但对于这道烟雾,也就是瑶姑娘而言,无异于高考三年后回看数学送分题却一脸茫然的冲击——当然,瑶姑娘只在香客中见过快把自己考晕的中学生。

但这也不妨碍她学着高喊一声,“诶,我不是天才来的吗?”

如缪与所说,画中一切都是她的耳目,这个灵气与法术构筑的空间直接建立在庞大封印之上,瑶姑娘可以调动几乎一切为己所用。

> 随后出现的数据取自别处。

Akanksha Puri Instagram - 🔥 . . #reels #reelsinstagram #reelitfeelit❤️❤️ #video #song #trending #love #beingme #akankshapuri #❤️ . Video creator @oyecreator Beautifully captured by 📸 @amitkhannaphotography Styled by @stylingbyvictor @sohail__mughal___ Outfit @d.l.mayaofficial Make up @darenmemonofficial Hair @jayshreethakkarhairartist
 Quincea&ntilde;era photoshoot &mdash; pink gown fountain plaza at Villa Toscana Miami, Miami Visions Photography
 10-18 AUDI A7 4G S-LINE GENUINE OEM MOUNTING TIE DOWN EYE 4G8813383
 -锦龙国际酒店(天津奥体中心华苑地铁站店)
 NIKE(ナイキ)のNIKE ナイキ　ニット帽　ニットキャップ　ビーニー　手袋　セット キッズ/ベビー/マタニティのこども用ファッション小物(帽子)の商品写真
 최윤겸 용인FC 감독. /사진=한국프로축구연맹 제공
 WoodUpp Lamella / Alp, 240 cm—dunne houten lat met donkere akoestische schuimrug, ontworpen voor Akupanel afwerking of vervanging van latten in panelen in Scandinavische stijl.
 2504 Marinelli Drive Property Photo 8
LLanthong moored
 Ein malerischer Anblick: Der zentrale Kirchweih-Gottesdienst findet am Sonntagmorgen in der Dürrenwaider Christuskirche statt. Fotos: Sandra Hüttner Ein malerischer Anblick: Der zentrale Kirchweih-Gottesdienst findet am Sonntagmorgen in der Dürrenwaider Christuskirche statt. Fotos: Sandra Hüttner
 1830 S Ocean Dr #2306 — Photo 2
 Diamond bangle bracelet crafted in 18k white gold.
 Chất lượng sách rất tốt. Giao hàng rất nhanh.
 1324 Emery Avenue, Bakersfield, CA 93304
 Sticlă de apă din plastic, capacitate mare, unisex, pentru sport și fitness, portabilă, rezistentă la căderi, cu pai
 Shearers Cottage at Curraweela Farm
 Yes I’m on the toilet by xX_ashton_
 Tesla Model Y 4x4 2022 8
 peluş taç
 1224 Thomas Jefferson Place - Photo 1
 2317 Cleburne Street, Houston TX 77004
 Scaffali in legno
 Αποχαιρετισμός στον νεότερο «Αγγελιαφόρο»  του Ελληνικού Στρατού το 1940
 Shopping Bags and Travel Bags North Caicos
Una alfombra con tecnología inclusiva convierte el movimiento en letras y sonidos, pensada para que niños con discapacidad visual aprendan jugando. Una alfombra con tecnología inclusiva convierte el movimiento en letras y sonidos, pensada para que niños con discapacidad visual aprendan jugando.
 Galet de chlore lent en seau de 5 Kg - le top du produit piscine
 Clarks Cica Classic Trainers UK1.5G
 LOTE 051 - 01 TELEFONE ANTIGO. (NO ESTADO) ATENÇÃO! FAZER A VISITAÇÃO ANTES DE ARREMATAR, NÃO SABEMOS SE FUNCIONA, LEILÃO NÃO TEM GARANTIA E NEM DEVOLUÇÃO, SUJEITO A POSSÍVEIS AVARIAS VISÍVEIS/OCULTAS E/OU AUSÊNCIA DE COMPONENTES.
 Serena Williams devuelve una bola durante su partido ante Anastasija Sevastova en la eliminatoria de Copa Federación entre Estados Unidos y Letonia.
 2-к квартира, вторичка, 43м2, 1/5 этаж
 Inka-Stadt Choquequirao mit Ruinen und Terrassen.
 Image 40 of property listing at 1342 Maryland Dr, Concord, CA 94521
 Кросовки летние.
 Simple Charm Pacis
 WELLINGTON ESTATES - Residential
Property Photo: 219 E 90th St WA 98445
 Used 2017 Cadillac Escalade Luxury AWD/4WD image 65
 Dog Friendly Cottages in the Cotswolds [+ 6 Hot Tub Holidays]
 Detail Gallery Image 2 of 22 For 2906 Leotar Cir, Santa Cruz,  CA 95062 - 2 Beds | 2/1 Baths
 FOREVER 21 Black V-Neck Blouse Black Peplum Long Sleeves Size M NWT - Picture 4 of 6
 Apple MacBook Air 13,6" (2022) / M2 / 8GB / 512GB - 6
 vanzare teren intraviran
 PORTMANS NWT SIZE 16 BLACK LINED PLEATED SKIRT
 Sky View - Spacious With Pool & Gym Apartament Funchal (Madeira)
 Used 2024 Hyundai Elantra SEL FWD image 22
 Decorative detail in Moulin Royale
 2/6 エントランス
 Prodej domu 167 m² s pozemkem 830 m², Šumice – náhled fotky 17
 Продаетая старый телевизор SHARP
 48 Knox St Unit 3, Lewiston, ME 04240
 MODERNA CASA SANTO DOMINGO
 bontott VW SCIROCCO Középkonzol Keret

她刚才就是这样做的,空气中无数无形细碎的触须,全都在她指挥下向眼前全然不设防的女孩靠近。

骆萧山脸上的表情很淡定,但也可以说是懵然无知。

尽管有骆萧山的同意,瑶姑娘的心里还有一点儿负罪感,心想可不要给缪与本人知道。

只是小小地,轻微地,观察一下他的心上——诶?

那些无形的触须刚刚接触到骆萧山,便骤然溃散了大半,就好像撞上了某种无形的屏障,瑶姑娘不知道这是什么东西,但看起来也不像是缪与的法术,给她的感觉截然不同,甚至称得上温柔。

温柔,但不可拒绝。

剩下的触须倒是成功连接上瑶姑娘的眼睛,她猝不及防地看见一片没有边界的白,无数平实、规律的水流在其中交织,隐约可见光点闪烁,和瑶姑娘往常所见的那些是一样的,这就是人的日常念想,但她并不能看到具体内容。

以她的权能,只能捕捉到那些强烈、具象的欲望棱角。

但这片茫茫的白色中,没有任何她能捕捉到的东西。

瑶姑娘不可置信地操纵着幻术触须,加深她的探索,凝神去寻找任何一点她能看懂的东西。

白色的空间没有拒绝她的观测,真叫她找到了些许形状。

那是,无数金色的光点组成的▆▆。